Nach Abzug der vorgenannten Kindesunterhaltszahlbeträge verbleibt von dem bis zum Selbstbehalt einzusetzenden Einkommen für den Ehegattenunterhalt für die Zeit von Juni 2000 bis Dezember 2000 monatlich ein Betrag von höchstens 1.310 DM (1.580 DM ./. 270 DM), für die Zeit von Januar 2001 bis Juni 2001 monatlich höchstens 1.235 DM (1.580 DM ./. 345 DM) und für die Zeit ab Juli 2001 monatlich höchstens 1.080 DM (1.440 DM ./. 360 DM).
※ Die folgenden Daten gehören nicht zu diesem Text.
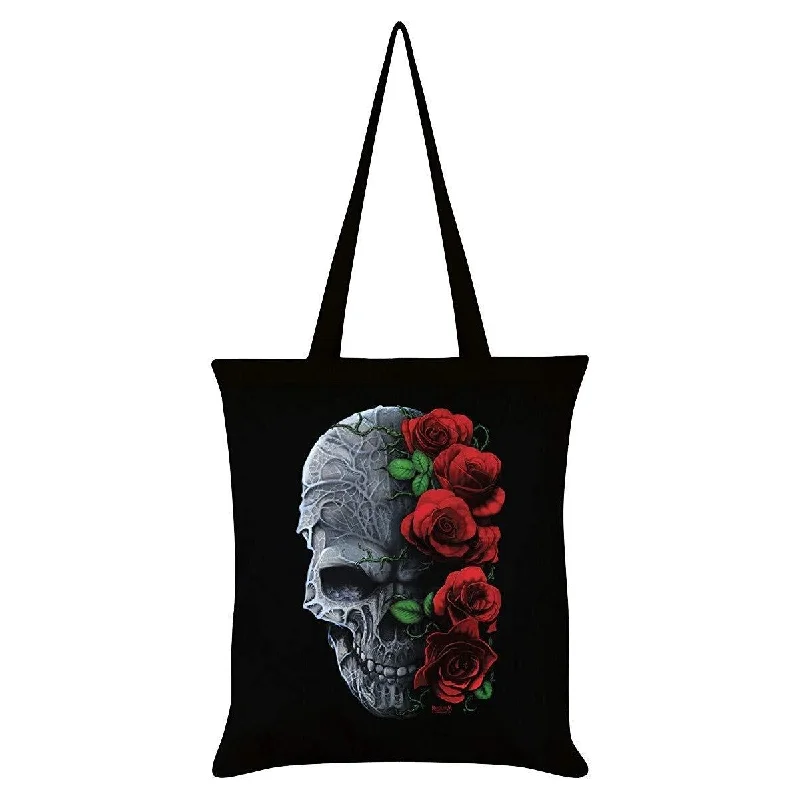 Requiem Collective Immortal Bloom Tote Bag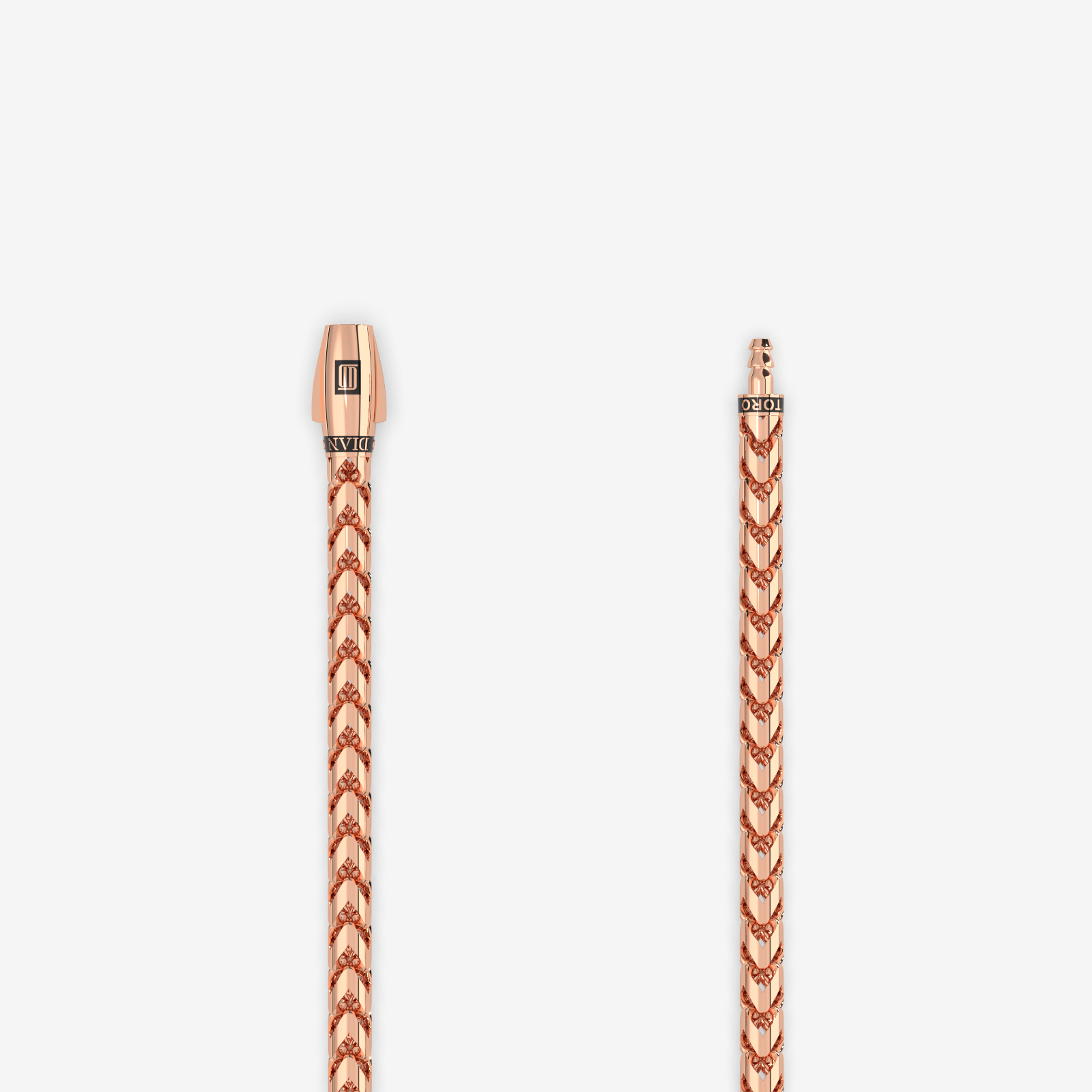 DIANLinks TORO - 5mm Bracelet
Grundsätzlich schuldet der Beklagte an Ehegattenunterhalt jeweils 3/7 seines um den Tabellensatz für ... bereinigten Einkommens von (3.080 DM - 405 DM =) 2.675 DM bzw. (3.080 DM - 418 DM =) 2.662 DM, mithin monatlich 1.146 DM bzw. 1.141 DM. Die fraglichen monatlichen 1.146 DM Ehegattenunterhalt kann er ohne Beeinträchtigung seines Selbstbehalts von 1.500 DM bis einschließlich Juni 2001 zahlen. Ab Juli 2001 sind wegen des Selbstbehalts von nun 1.640 DM nur noch 1.080 DM monatlicher Ehegatten-Trennungsunterhalt geschuldet.

10

Die Nebenentscheidungen folgen aus §§ 92, 97, 708 Ziff. 10, 711 und 713 ZPO.